What the task asks: Transcribe the lines exactly, beginning with the one that contains "Used Wuling Hongguang" and ending with the final line of the records. Do not transcribe pictures.
--- Records provided Enclosed Below ---
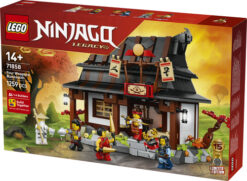 LEGO NINJAGO 71858 La Bottega delle Quattro Armi – 15° Anniversario, Casa Giocattolo con Minifigure e Carte da Collezione 14+ - immagine 8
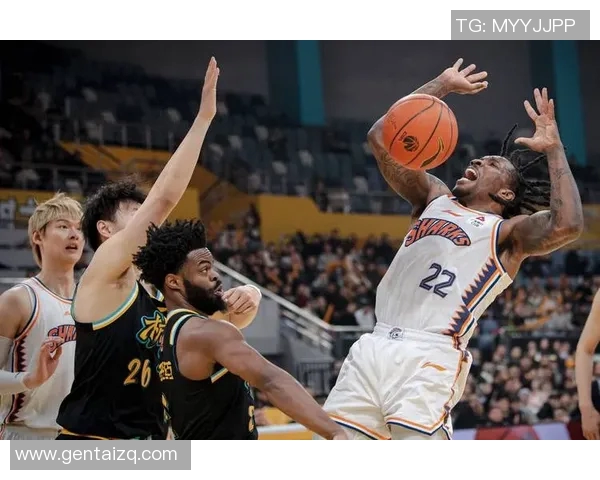 浙江东阳光签下新外援，备战季后赛，迈向冠军之路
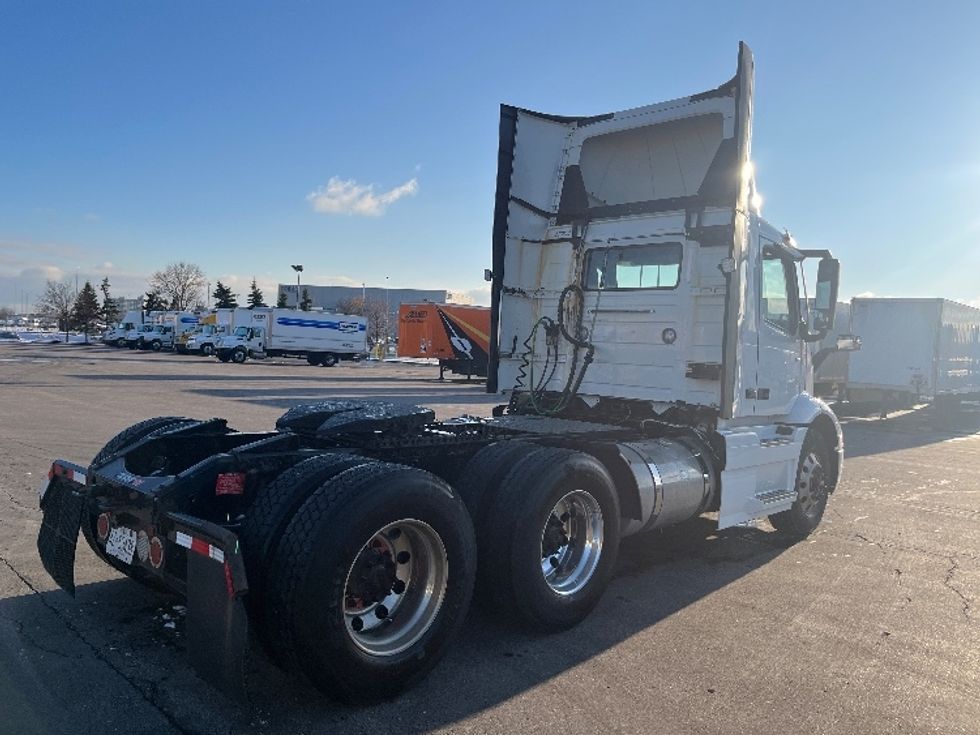 Day Cab Tractor-Heavy Duty Tractors-Volvo-2020-VNR64300-Mississauga-ON-675,000\n\t\tkm-$ 56,750 - Image 7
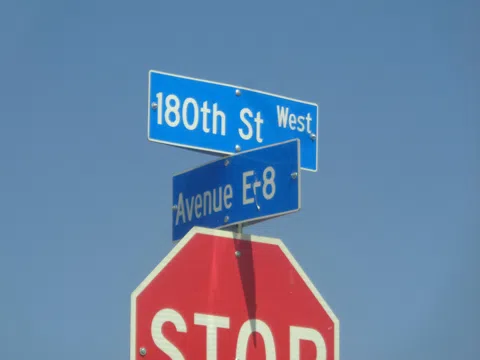 180 Stw W Ave E 12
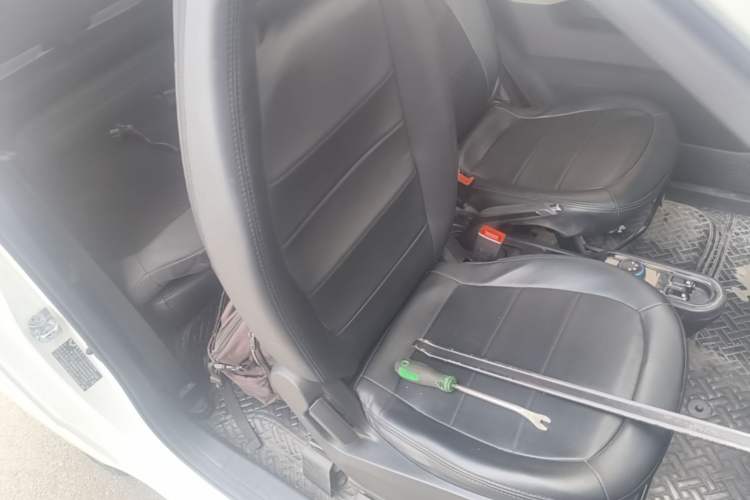 Used Wuling Hongguang MINIEV 2022 Zizai Version Lithium Iron Phosphate Right Front Seat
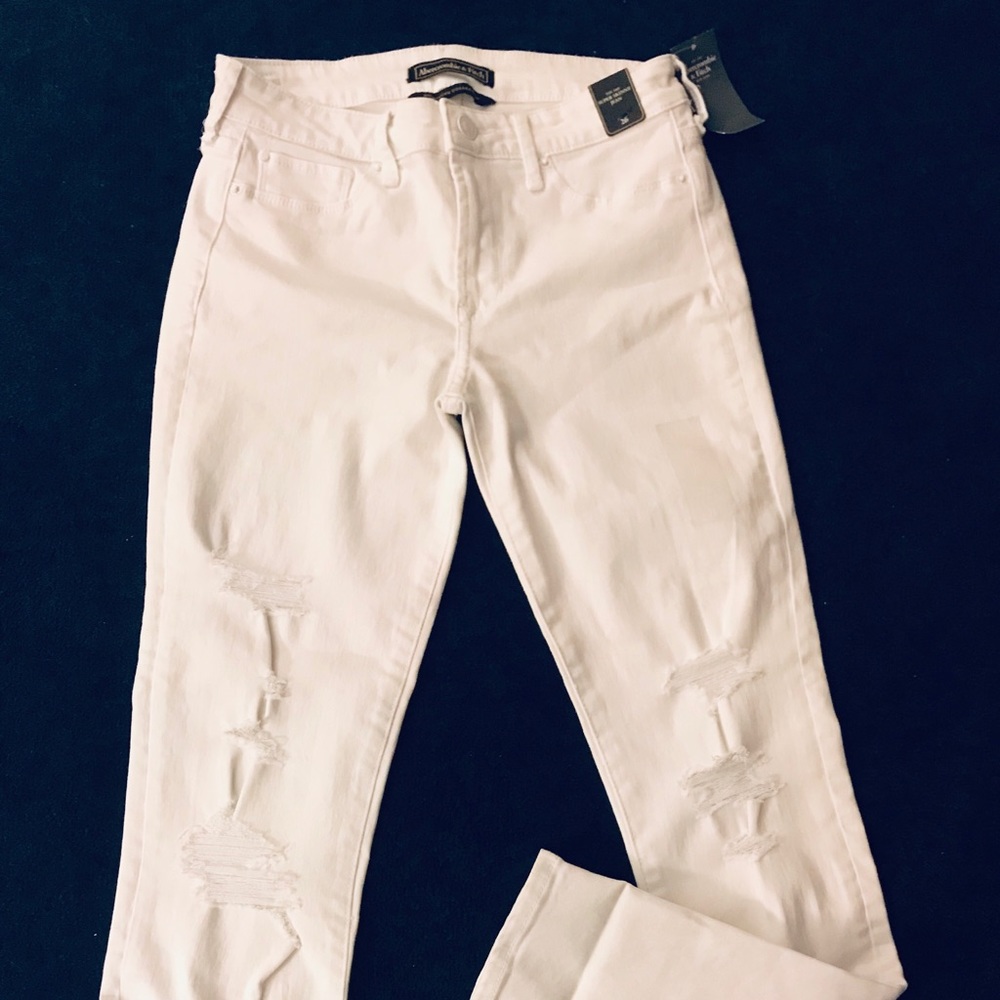 Abercrombie & Fitch Signature Super Skinny Jeans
--- End of Enclosed Records provided ---
Answer box:
 Used Wuling Hongguang MINIEV 2022 Zizai Version Lithium Iron Phosphate Right Front Seat
 Abercrombie & Fitch Signature Super Skinny Jeans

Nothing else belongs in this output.